Authorities wouldn't release details of evidence they say backs claims of abuse at a New Mexico youth ranch for troubled kids.
ALBUQUERQUE, N.M. — Evidence found at a New Mexico youth ranch for troubled kids corroborates allegations by current and former students of abuse, the governor said Monday.
Gov. Susana Martinez made the comments Monday in defense of the state's handling of an investigation into the Tierra Blanca High Country Youth Program near Hillsboro ranch.
An Amber Alert and state police manhunt was launched Friday after officers found the ranch empty when they arrived to take custody of the children.
But ranch attorney, Pete Domenici Jr., accused the state of escalating the situation with the alert, which was issued after he put out a statement saying the children were safe and were being returned to their parents. He took exception to the implication they were missing and abducted, neither of which was the case, he said.

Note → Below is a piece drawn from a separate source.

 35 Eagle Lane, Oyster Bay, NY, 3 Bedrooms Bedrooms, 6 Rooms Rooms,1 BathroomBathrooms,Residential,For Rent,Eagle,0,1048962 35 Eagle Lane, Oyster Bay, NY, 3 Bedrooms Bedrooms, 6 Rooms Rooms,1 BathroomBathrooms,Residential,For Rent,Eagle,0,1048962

"I will never apologize," Martinez said. "We felt they were in imminent danger because of what we found in those buildings."

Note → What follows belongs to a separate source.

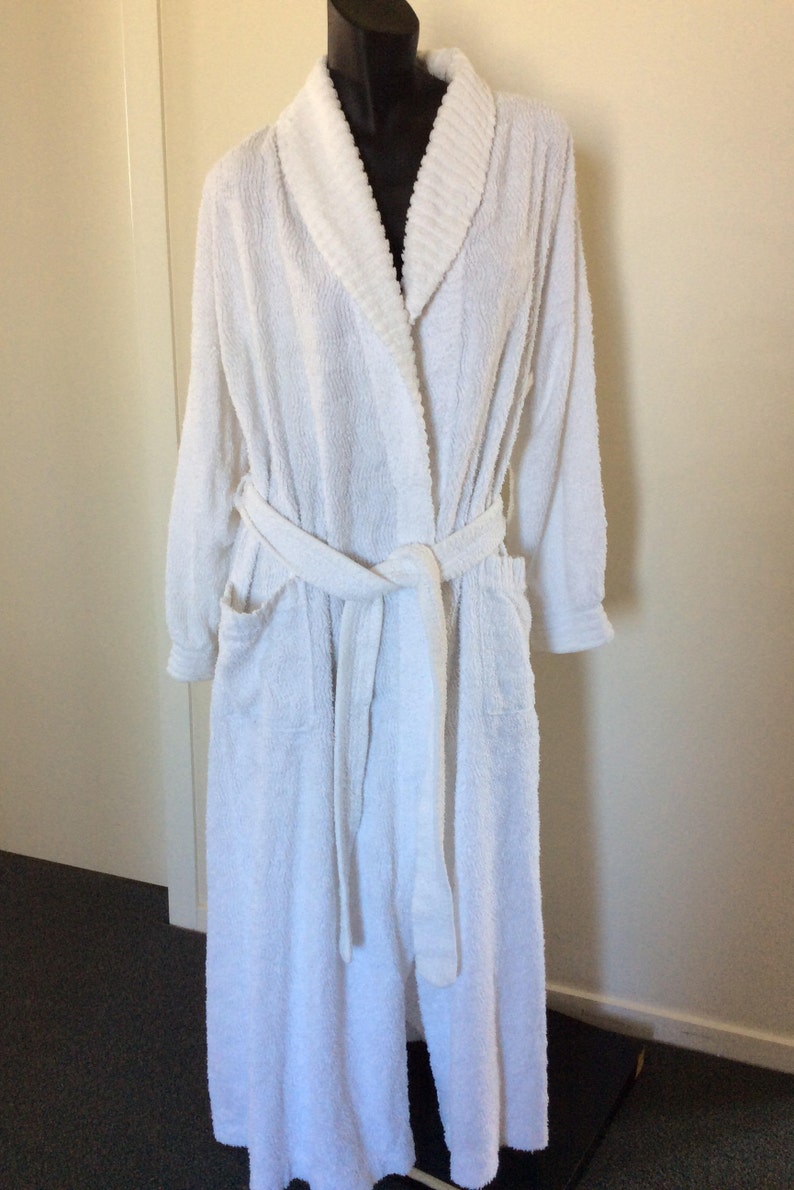 candlewick bathrobe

Authorities have declined to release more details about the allegations or what was found at the ranch, citing an ongoing investigation. The Albuquerque Journal earlier this month reported the investigation included claims that students were beaten and shackled.
Martinez says officers issued the alert as they moved to verify the return of the children to their parents. The alert was cancelled on Sunday after law enforcement authorities, with the help of agencies in at least three others states, were able to physically verify the safety of all nine kids.
Martinez says investigators also need to question each of the students.
Police continue to seek the operator of the ranch, Scott Chandler, for questioning. Chandler has denied any children have been harmed. He filed a lawsuit last week accusing investigators of targeting the ranch for closure following a fatal car crash involving students.